“Summers! Summers!” somebody was yelling as we walked into the Heritage Homestead Fair near Waco, Texas. We were visiting an Amish-type farm and craft event with some of our kids the day after Thanksgiving. Who could be calling us? Turns out they were calling our son, Jamie’s family, who was staying with us and other family members in Waxahachie, Texas. It was their Houston best friends! Neither family knew the other would be there that day, but they were the first people we met! It’s a four hour drive from Houston, so what were the chances they would run into each other at that moment in a throng of hundreds of people?

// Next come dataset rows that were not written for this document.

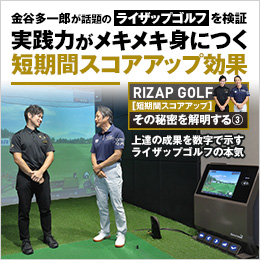 金谷多一郎が話題のライザップゴルフを検証 実践力がメキメキ身につく短期間スコアアップ効果 RIZAP GOLF [短期間スコアアップ] その秘密を解明する③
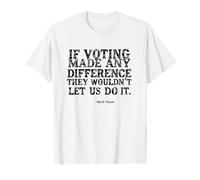 “If Voting Made Any Difference…” - Mark Twain Quote Statemen T-Shirt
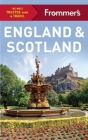 Frommer's England and Scotland (Color Complete Guide) By Stephen Brewer, Jason Cochran, Lucy Gillmore Cover Image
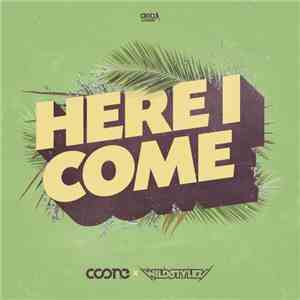 Coone & Wildstylez - Here I Come download free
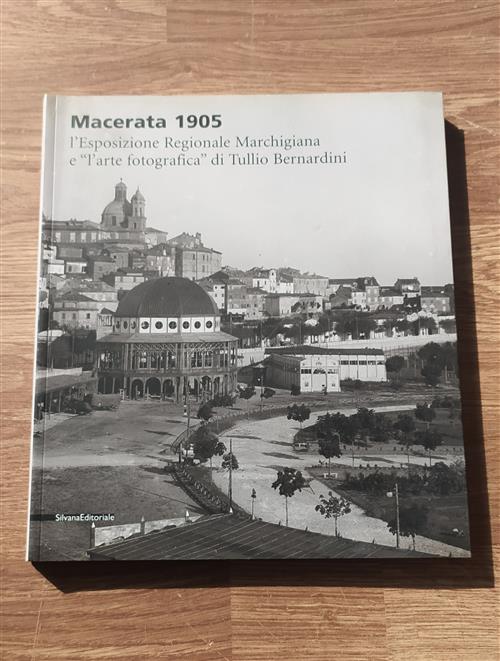 Macerata 1905. Esposizione Marchigiana E Arte Fotografica Di Tullio Bernardini Catalogo Della Mostra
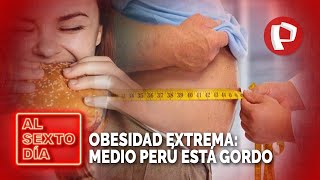 Obesidad extrema Medio Perú está gordo [upl. by Swords159]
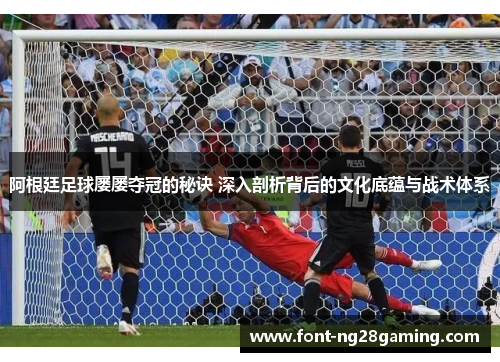 阿根廷足球屡屡夺冠的秘诀 深入剖析背后的文化底蕴与战术体系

We had met their friends on several occasions and were delighted to finally see the latest additions they had made to their family: two little girls from China, ages two and four, the youngest having arrived only a few months ago. An older girl of six or seven had been adopted from there a few years back, adding to their original family of four children. The Chinese children were startlingly beautiful, with their porcelain skin and jet black hair framing doll-like faces. Their own red-haired daughter says she is big sister to my titian-haired baby granddaughter, Maddie.
We had a wonderful day at the Fair, watching a demonstration of corn being ground by a horizontal propane engine into cornmeal (fine), grits (coarse), and chicken feed (rough chop). Then we toured a working water wheel grist mill and saw the grain ground by a mill stone. Of course, we had to buy products from there, including cookie mix made from milled oats and sorghum syrup from cane. We saw a farming demonstration of a pair of mules turning the soil with a plow guided by a farmer on a two-wheeled spring seat.
Mules later pulled a big hay wagon we rode on to tour the property, the high point of which was when we were allowed to dismount the wagon to view a scenic overlook high on a bluff. The bucolic scene below of neatly laid out fields and pastures with a cozy farmhouse tucked in one corner was enough to make one want to join the religious community.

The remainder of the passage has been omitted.